Operation Straightline

'Straightline' was the US seizure of Wakde island and Sarmi on the north coast of Japanese-occupied western New Guinea (17/21 May 1944).

Wakde is an island with a small anchorage just off the north coast of New Guinea. The Japanese occupied the island in 1942 and had completed an airfield, with a crushed coral runway, by 1943. By a time early 1944 the Japanese had also completed an airstrip at Sawar on the mainland to the west of Wakde island and had a second under construction at Maffin Bay, just to the east of Sawar. The headquarters of Lieutenant General Hachiro Tagami’s 36th Division was established at Sarmi, in whose immediate area there were about 11,000 Japanese soldiers, perhaps half of them combat troops.

The 'Straightline' undertaking was the logical successor to the 'Reckless' operation against Hollandia in the fast-moving westward advance of the forces of General Douglas MacArthur’s South-West Pacific Area command, and was undertaken while the last stages of the 'Reckless' and parallel 'Persecution' operations against Hollandia and Aitape were still under way.

On 12 March 1944, General Douglas MacArthur, heading the South-West Pacific Area command, had been ordered by the Joint Chiefs-of-Staff Committee to take Hollandia in order to establish heavy bomber bases from which the southern flank of Admiral Chester W. Nimitz’s drive through the central Pacific could be protected. It became clear shortly after the Hollandia landings, however, that it would require many months to prepare the runways for heavy bombers, and aerial reconnaissance had identified no other suitable site closer than the island of Biak farther to the west. MacArthur therefore ordered rapid planning for an invasion of the area of Wakde and Sarmi as a preliminary to the assault on Biak some 10 days later.

The initial orders were issued on 27 April and envisaged the delivery of the assault on 15 May. Rear Admiral William M. Fechteler, the deputy commander of the 7th Amphibious Force, was to head the naval forces and the ground force would be built around Major General Horace H. Fuller’s 41st Division. As a result of an acute shortage of shipping, however, the invasion was later delayed to 17 May and the invasion force was pared down to 7,800 men of the reinforced 163rd Regimental Combat Team under the command of Brigadier General Jens A. Doe, the assistant divisional commander of the 41st Division, the bulk of whose strength was to be committed to the Biak landing on 27 May. Captain Albert G. Noble was designated to lead the scaled-down naval forces in place of Fechteler.

The details of 'Straightline' were planned by Lieutenant General Walter C. Krueger’s 6th Army with the double object of providing Lieutenant General George C. Kenney’s 5th AAF with an area suitable for heavy bomber bases, and of denying Lieutenant General Hatazo Adachi’s 18th Army a fall-back position for Lieutenant General Fusataro Teshima’s 2nd Army after its pending defeat at Hollandia and Aitape.
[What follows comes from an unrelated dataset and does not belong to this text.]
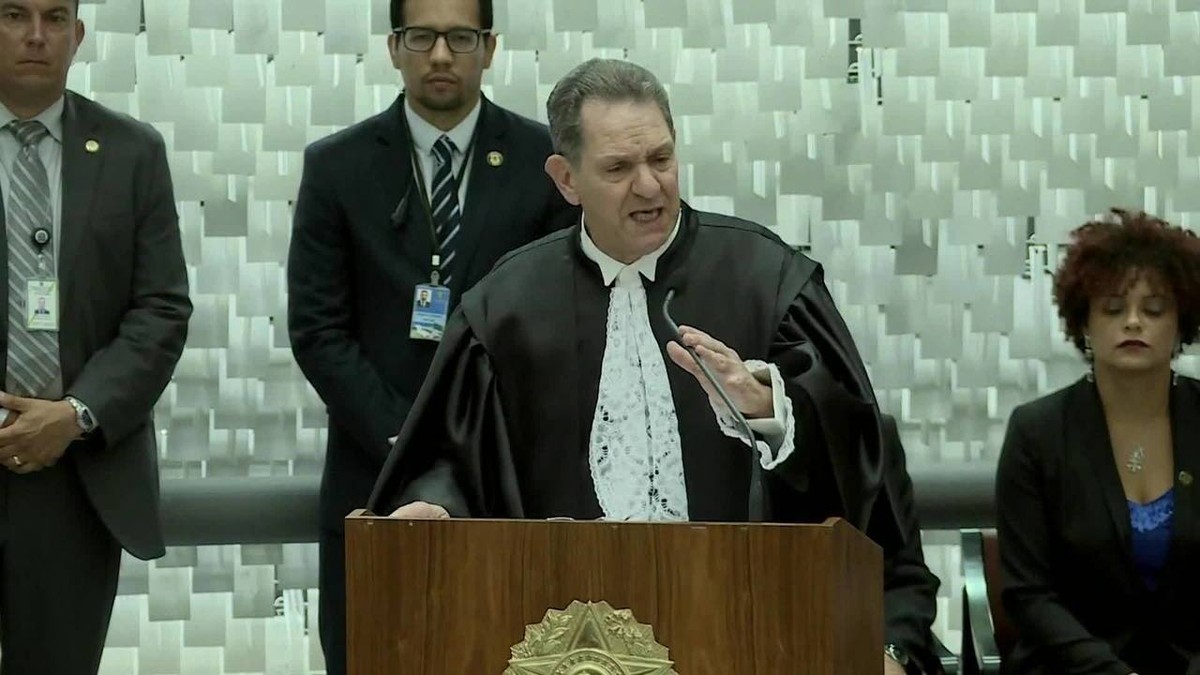Ministro do STJ que liberou prisão domiciliar para Queiroz rejeitou outros 700 pedidos sobre Covid-19
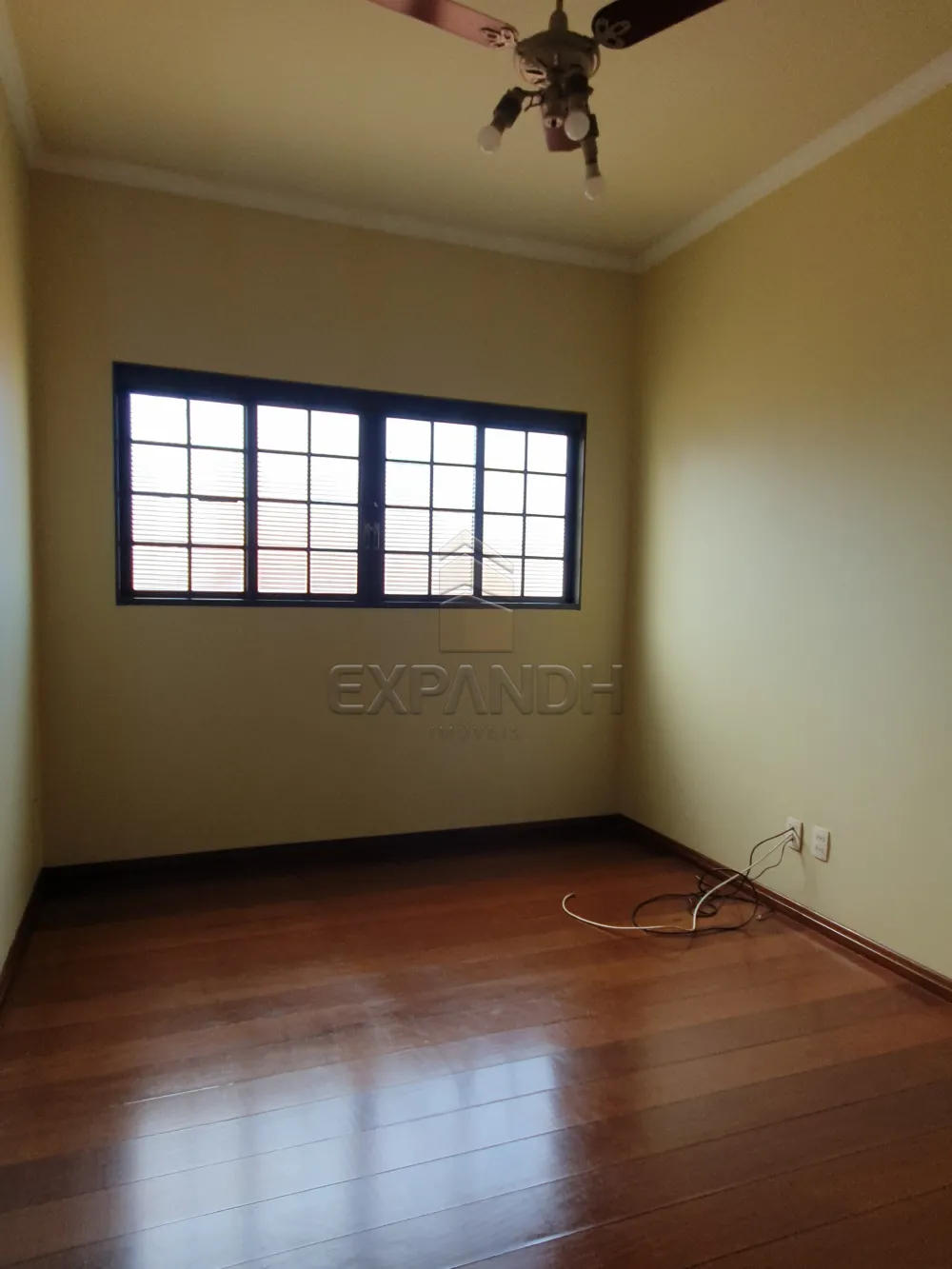 Alugar Casas / Padr&atilde;o em Sert&atilde;ozinho R$ 1.800,00 - Foto 5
Wakde (actually called Insoemaar and one of two islands comprising the Wakde islands, but always called Wakde by the US forces) had recently seen the construction of a Japanese airstrip. Lying some 120 miles (195 km) to the west of Hollandia but just 2 miles (3.2 km) offshore near Toem and Sarmi, the island was admirably suited to MacArthur’s 'coast-hopping' progress, especially as a mainland airstrip had been built at Toem and a third was under construction. The area was held by Tagami’s 36th Division (223rd and 224th Regiments but not its 222nd Regiment, which had been detached to Biak island), the Japanese strength being boosted to 14,000 troops including the 4th Engineer Group (anti-aircraft, airfield and service troops) and the Japanese navy’s 91st Garrison Force. The Japanese strength had been reduced recently to 11,000 men, however, as General Korechika Anami’s 2nd Area Army had instructed the 'Matsuyama' Force, comprising much of the 224th Regiment, to develop and hold a blocking position farther to the east at Armopa, a point about mid-way between Hollandia and Sarmi.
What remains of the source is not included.